Well yeah I think it's quite strange not to invite a very close friend of a very long time to your wedding.
I can't think of a situation where I wouldn't be offended by it, as the best friend. I'd feel hurt, not valued and disappointed.

So they might not technically be U. But it's not exactly nice.

PatientlyWaiting21 · 11/04/2022 21:54

You need to apologise for her behaviour and respect her wishes!

Bananarama21 · 11/04/2022 22:01

Is this friend name with the letter A? If its the same person she's very much entitled to her day and I wouldn't begrudge her that.

NeverChange · 11/04/2022 22:05

I find your story hard to believe.

You are pissed off for yourself in your first post but concerned for her in your second one.

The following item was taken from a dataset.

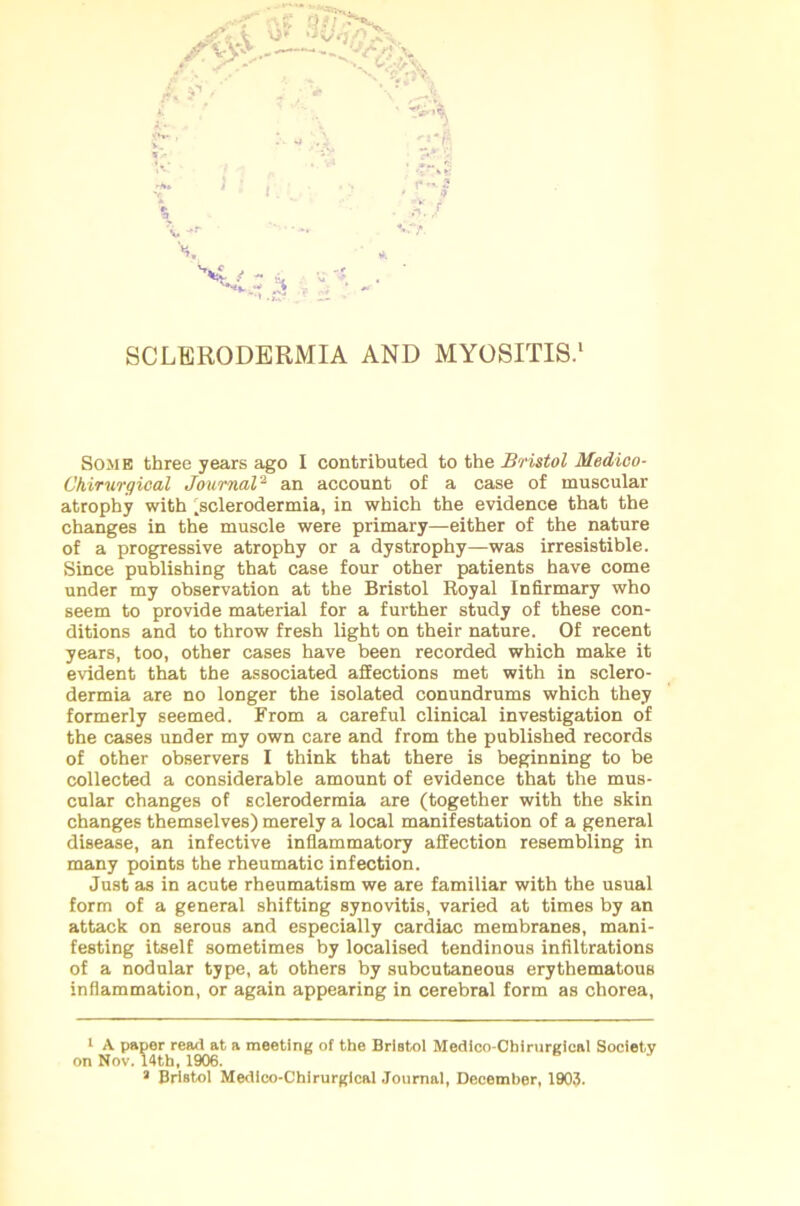 Some three years ago I contributed to the Bristol Medico- Chirurgical Journal2 an account of a case of muscular atrophy with .sclerodermia, in which the evidence that the changes in the muscle were primary—either of the nature of a progressive atrophy or a dystrophy—was irresistible. Since publishing that case four other patients have come under my observation at the Bristol Royal Infirmary who seem to provide material for a further study of these con- ditions and to throw fresh light on their nature. Of recent years, too, other cases have been recorded which make it evident that the associated affections met with in sclero- dermia are no longer the isolated conundrums which they formerly seemed. From a careful clinical investigation of the cases under my own care and from the published records of other observers I think that there is beginning to be collected a considerable amount of evidence that the mus- cular changes of sclerodermia are (together with the skin changes themselves) merely a local manifestation of a general disease, an infective inflammatory affection resembling in many points the rheumatic infection. Just as in acute rheumatism we are familiar with the usual form of a general shifting synovitis, varied at times by an attack on serous and especially cardiac membranes, mani- festing itself sometimes by localised tendinous infiltrations of a nodular type, at others by subcutaneous erythematous inflammation, or again appearing in cerebral form as chorea, 1 A paper read at a meeting of the Bristol Medleo-Chirurgical Society on Nov. 14th, 1906. 1 Bristol Medico-Chirurgical Journal, December, 1903.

If this was genuinely about concern for her, then why didn't you express your concern rather than your anger.

I'm sorry but I'm not buying it.

CrowAndArrow · 11/04/2022 22:27

My own DC did this (we are close - no back story) but it's what they wanted. Yes I was disappointed but it was their wedding and can do what they like.

WimpyKidYouNot · 11/04/2022 22:31

Reading this is giving me anxiety. Every post is “I don’t understand”, “I feel”, “I know… BUT”, paranoia you were “excluded”, accusations towards the fiancée that’s then withdrawn. Exhausting.

It’s all about you and whilst I think you genuinely want to help your friend with anxiety you need to really understand your motivations. Sounds like you want to be the enabler, saviour, crutch as it makes you feel important. You need to reflect how your behaviour is impacting her.

I hope your friend has a great day regardless how and you can move beyond this whatever happens.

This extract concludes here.